— RAW DATA —
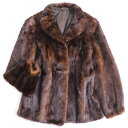 美品▲MINK ミンク 本毛皮ショートコート ジャケット ダークブラウン 13号 毛質艶やか・柔らか◎【中古】(4)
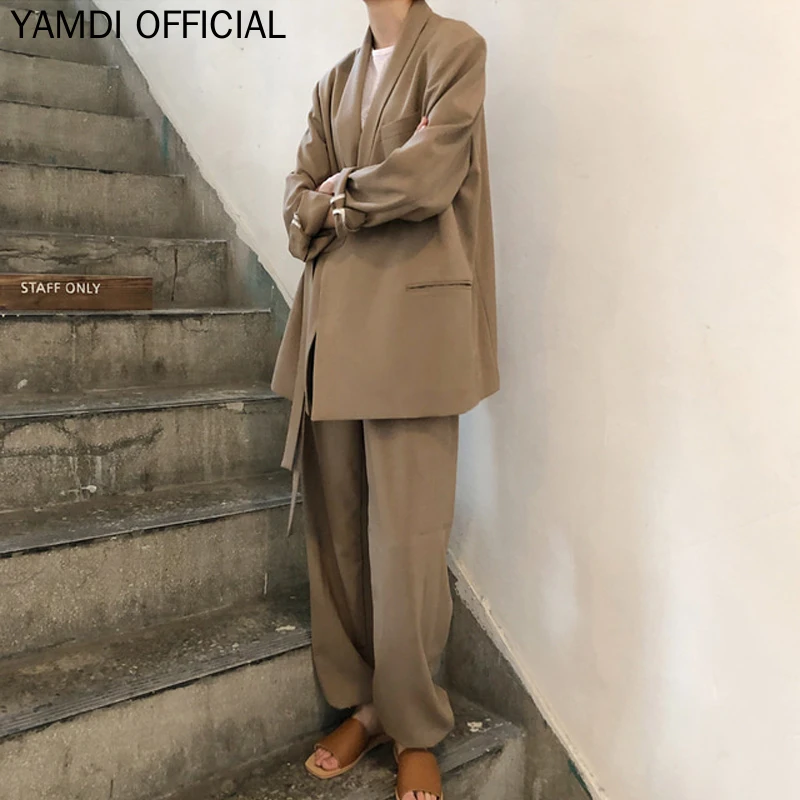 YAMDI винтажный блейзер с воротником, пальто, комплект из 2 предметов со штанами, свободный Блейзер, куртка и прямые штаны, Женский костюмный пояс, Новинка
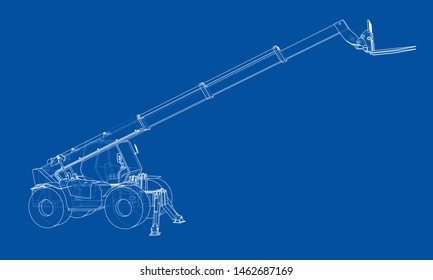 Forklift concept. Vector rendering of 3d. Wire-frame style. The layers of visible and invisible lines are separated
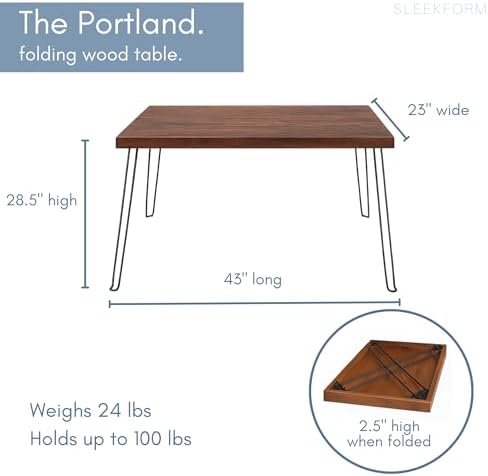 Sleekform Wood Folding Table - The Portland Lightweight Portable Desk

— PROBLEM TO WORK ON —
Return exactly the part of the listing above that opens with the line containing "YAMDI винтажный блейзер" and closes with the line containing "Forklift concept. Vector". Pictures stay out.

— OUTPUT FOR THIS EXERCISE —
 YAMDI винтажный блейзер с воротником, пальто, комплект из 2 предметов со штанами, свободный Блейзер, куртка и прямые штаны, Женский костюмный пояс, Новинка
 Forklift concept. Vector rendering of 3d. Wire-frame style. The layers of visible and invisible lines are separated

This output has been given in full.